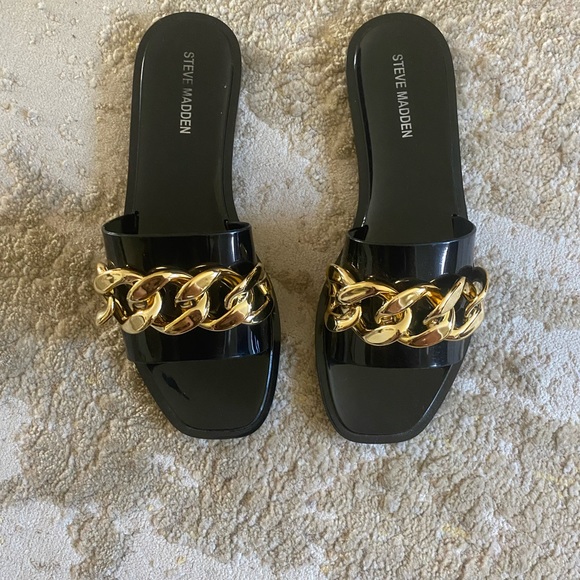Steve Madden Black and Gold Sandals - Picture 3 of 4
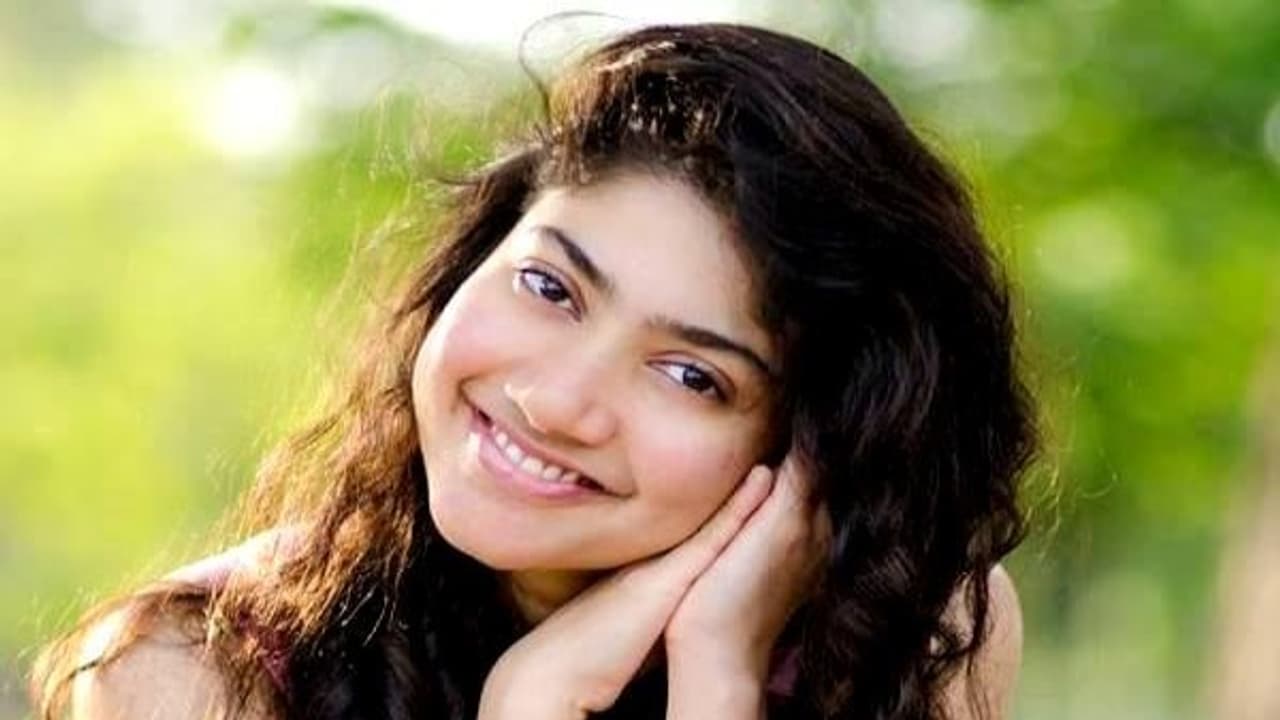 காதலில் விழுந்த சாய் பல்லவி ...! யார் அந்த நபர் தெரியுமா..? காதலில் விழுந்த சாய் பல்லவி ...! யார் அந்த நபர் தெரியுமா..?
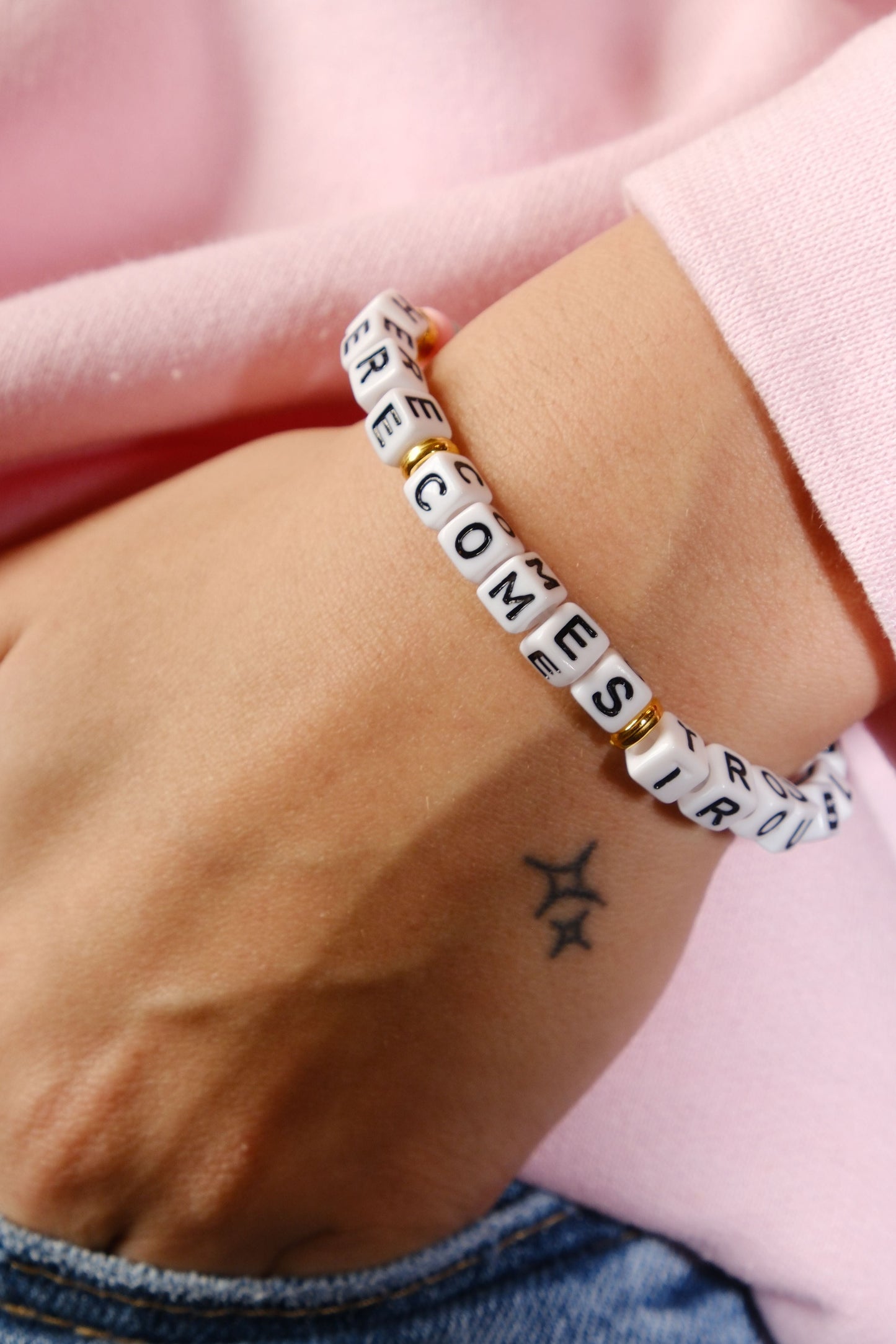 Here Comes Trouble Inspirational Beaded Bracelet Bracelet mure + grand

--- What to do ---
Starting at the line that contains "நபர் தெரியுமா..? காதலில்", output every line through the end of the data, both ends included, and nothing else; pictures stay out.

--- Reply ---
 காதலில் விழுந்த சாய் பல்லவி ...! யார் அந்த நபர் தெரியுமா..? காதலில் விழுந்த சாய் பல்லவி ...! யார் அந்த நபர் தெரியுமா..?
 Here Comes Trouble Inspirational Beaded Bracelet Bracelet mure + grand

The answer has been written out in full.